Low-Level-APIs.md

## Model Kernels

| **Kernel**                      | **API**                                                     |
|---------------------------------|-------------------------------------------------------------|
| RMSNorm                         | `liger_kernel.transformers.LigerRMSNorm`                    |
| LayerNorm                       | `liger_kernel.transformers.LigerLayerNorm`                  |
| RoPE                            | `liger_kernel.transformers.liger_rotary_pos_emb`            |
| SwiGLU                          | `liger_kernel.transformers.LigerSwiGLUMLP`                  |
| GeGLU                           | `liger_kernel.transformers.LigerGEGLUMLP`                   |
| CrossEntropy                    | `liger_kernel.transformers.LigerCrossEntropyLoss`           |
| Fused Linear CrossEntropy       | `liger_kernel.transformers.LigerFusedLinearCrossEntropyLoss`|
| Multi Token Attention           | `liger_kernel.transformers.LigerMultiTokenAttention`        |
| Softmax                         | `liger_kernel.transformers.LigerSoftmax`                    |
| Sparsemax                       | `liger_kernel.transformers.LigerSparsemax`                  |
| mHC (Hyper-Connections)         | `liger_kernel.transformers.LigerMHC`                        |


### RMS Norm

RMS Norm simplifies the LayerNorm operation by eliminating mean subtraction, which reduces computational complexity while retaining effectiveness. 
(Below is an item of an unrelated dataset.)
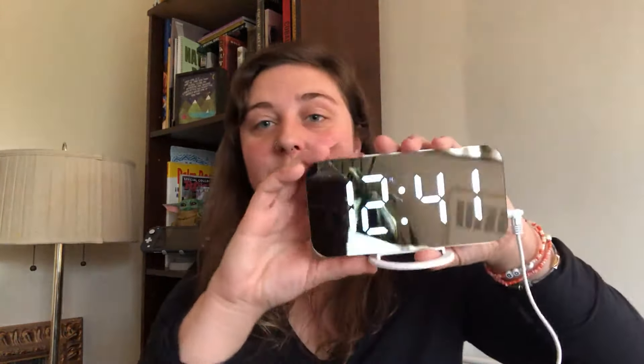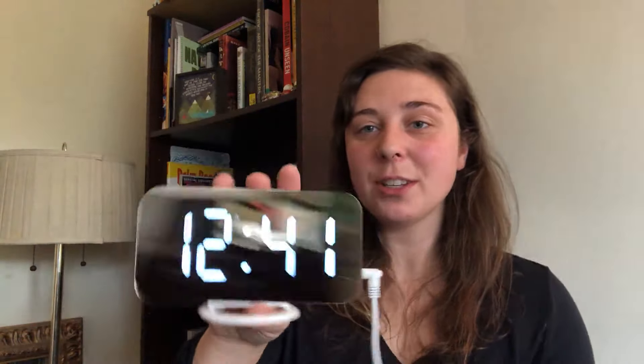It is actually going to remember the time that I had — so, 12:41. I just love how sleek it is. It's really easy to set.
This kernel performs normalization by scaling input vectors to have a unit root mean square (RMS) value. This method allows for a ~7x speed improvement and a ~3x reduction in memory footprint compared to
implementations in PyTorch.

!!! Example "Try it out"
    You can experiment as shown in this example [here](https://colab.research.google.com/drive/1CQYhul7MVG5F0gmqTBbx1O1HgolPgF0M?usp=sharing).

### RoPE

RoPE (Rotary Position Embedding) enhances the positional encoding used in transformer models.

The implementation allows for effective handling of positional information without incurring significant computational overhead.

!!! Example "Try it out"
    You can experiment as shown in this example [here](https://colab.research.google.com/drive/1llnAdo0hc9FpxYRRnjih0l066NCp7Ylu?usp=sharing).

### SwiGLU 

### GeGLU 

### CrossEntropy

This kernel is optimized for calculating the loss function used in classification tasks. 

The  kernel achieves a ~3x execution speed increase and a ~5x reduction in memory usage for substantial vocabulary sizes compared to implementations in PyTorch.

!!! Example "Try it out"
    You can experiment as shown in this example [here](https://colab.research.google.com/drive/1WgaU_cmaxVzx8PcdKB5P9yHB6_WyGd4T?usp=sharing).

### Fused Linear CrossEntropy

This kernel combines linear transformations with cross-entropy loss calculations into a single operation.

!!! Example "Try it out"
    You can experiment as shown in this example [here](https://colab.research.google.com/drive/1Z2QtvaIiLm5MWOs7X6ZPS1MN3hcIJFbj?usp=sharing)

### Multi Token Attention

The Multi Token Attention kernel implementation provides and optimized fused implementation of multi-token attention over the implemented Pytorch model baseline. This is a new attention mechanism that can operate on multiple Q and K inputs introduced by Meta Research.

Paper: https://arxiv.org/abs/2504.00927

### Softmax

The Softmax kernel implementation provides an optimized implementation of the softmax operation, which is a fundamental component in neural networks for converting raw scores into probability distributions.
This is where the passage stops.